▸ Data records:
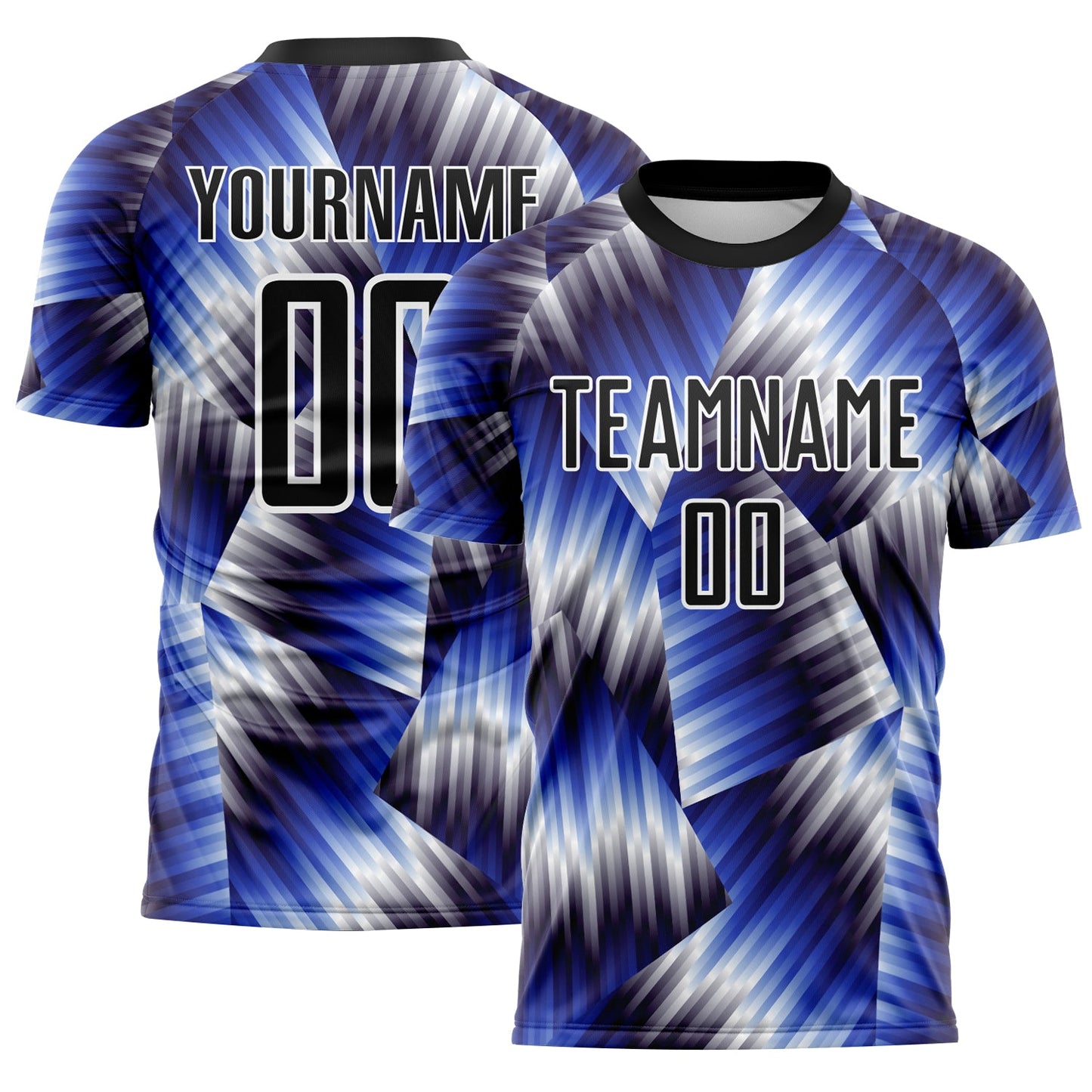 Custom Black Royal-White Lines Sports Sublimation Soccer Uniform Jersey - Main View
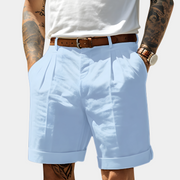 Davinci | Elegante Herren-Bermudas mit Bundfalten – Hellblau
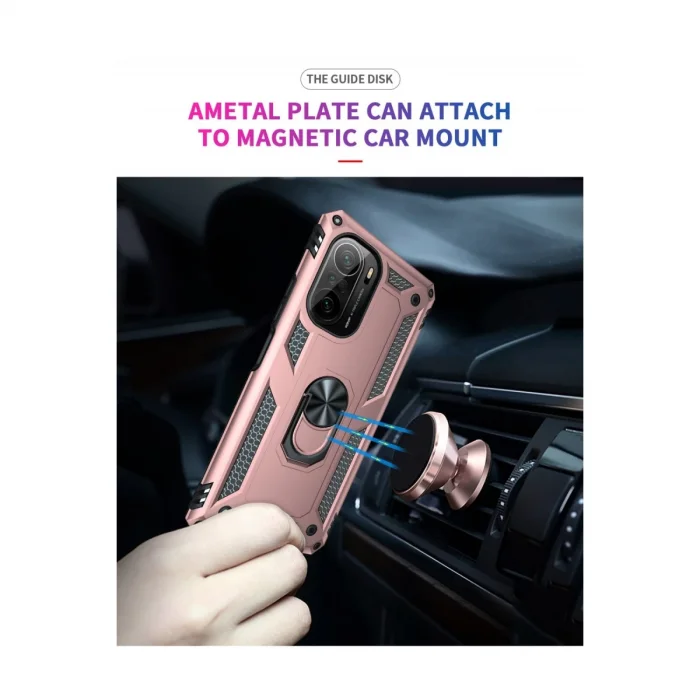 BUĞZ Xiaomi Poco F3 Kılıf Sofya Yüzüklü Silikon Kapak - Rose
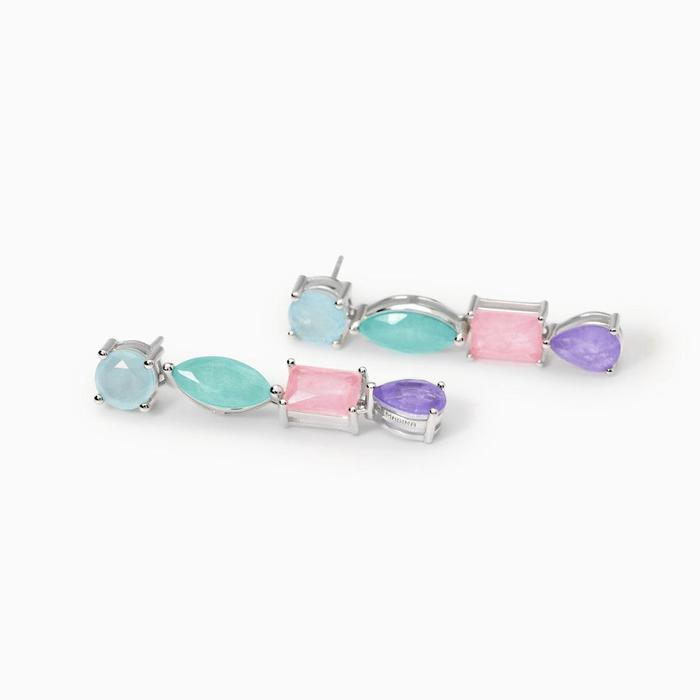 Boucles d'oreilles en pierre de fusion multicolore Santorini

==

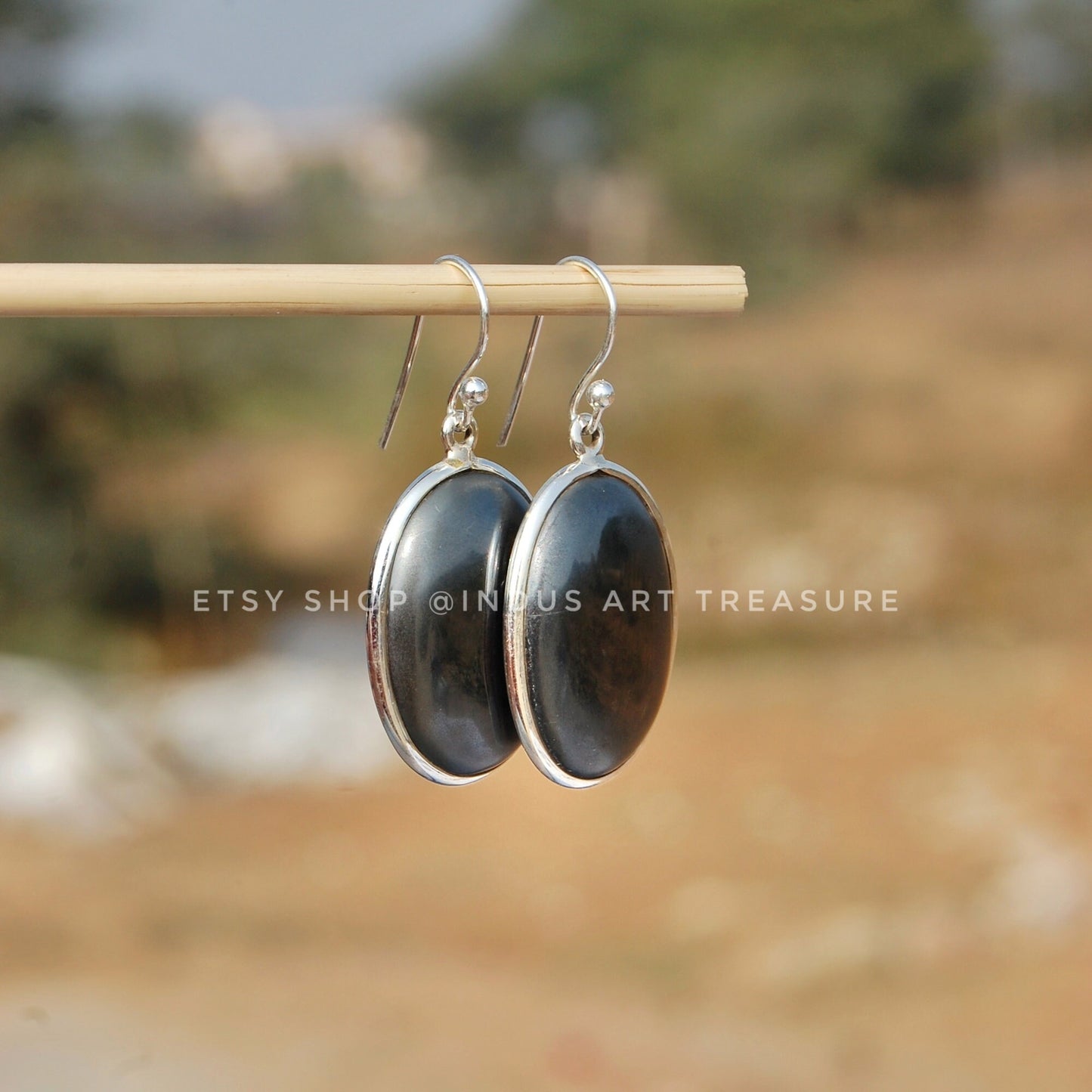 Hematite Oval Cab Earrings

* * *

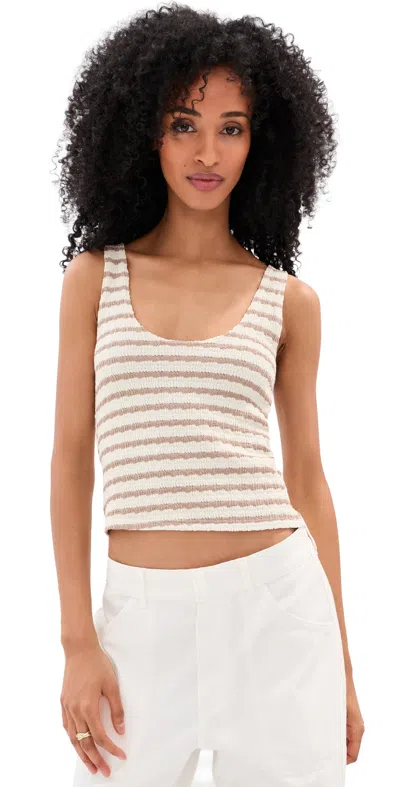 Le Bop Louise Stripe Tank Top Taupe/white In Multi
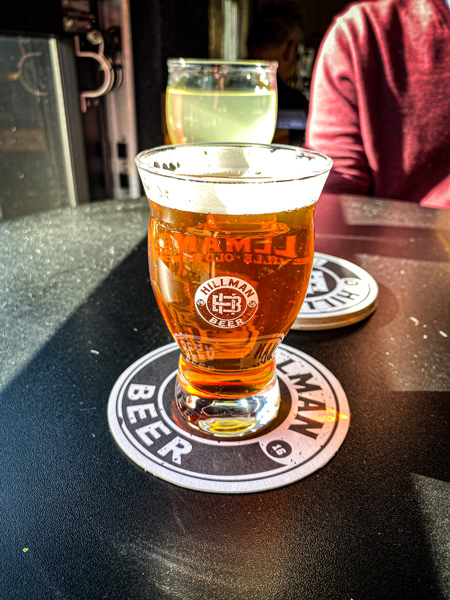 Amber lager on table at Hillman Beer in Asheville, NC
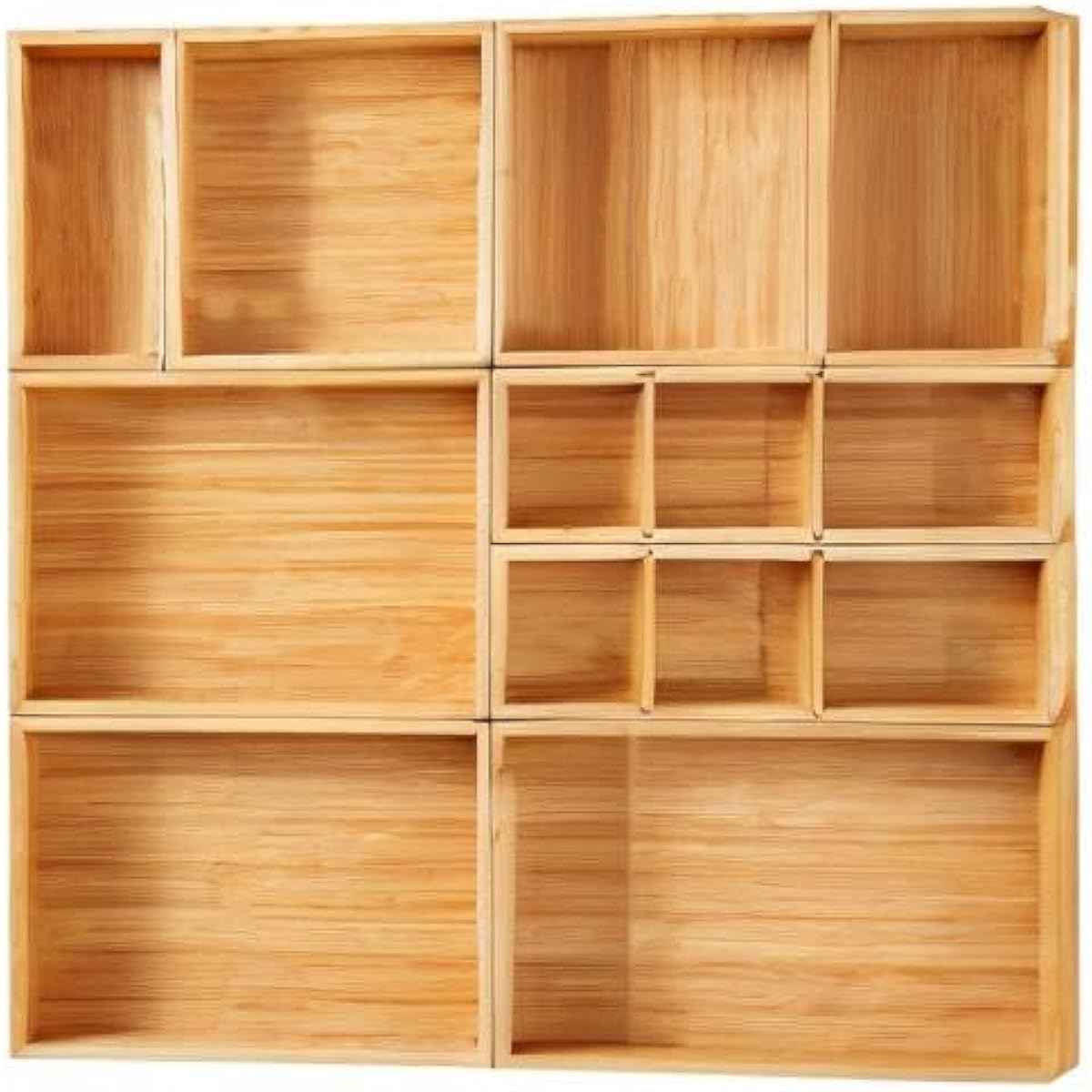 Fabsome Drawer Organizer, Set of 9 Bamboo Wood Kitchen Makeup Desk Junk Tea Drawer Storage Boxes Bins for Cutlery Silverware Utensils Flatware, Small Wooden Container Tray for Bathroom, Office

▸ Work instruction: While skipping the pictures, transcribe the data above from the line showing "Amber lager on" through the line showing "Fabsome Drawer Organizer, Set", exactly and with both ends.

▸ Exercise solution:
 Amber lager on table at Hillman Beer in Asheville, NC
 Fabsome Drawer Organizer, Set of 9 Bamboo Wood Kitchen Makeup Desk Junk Tea Drawer Storage Boxes Bins for Cutlery Silverware Utensils Flatware, Small Wooden Container Tray for Bathroom, Office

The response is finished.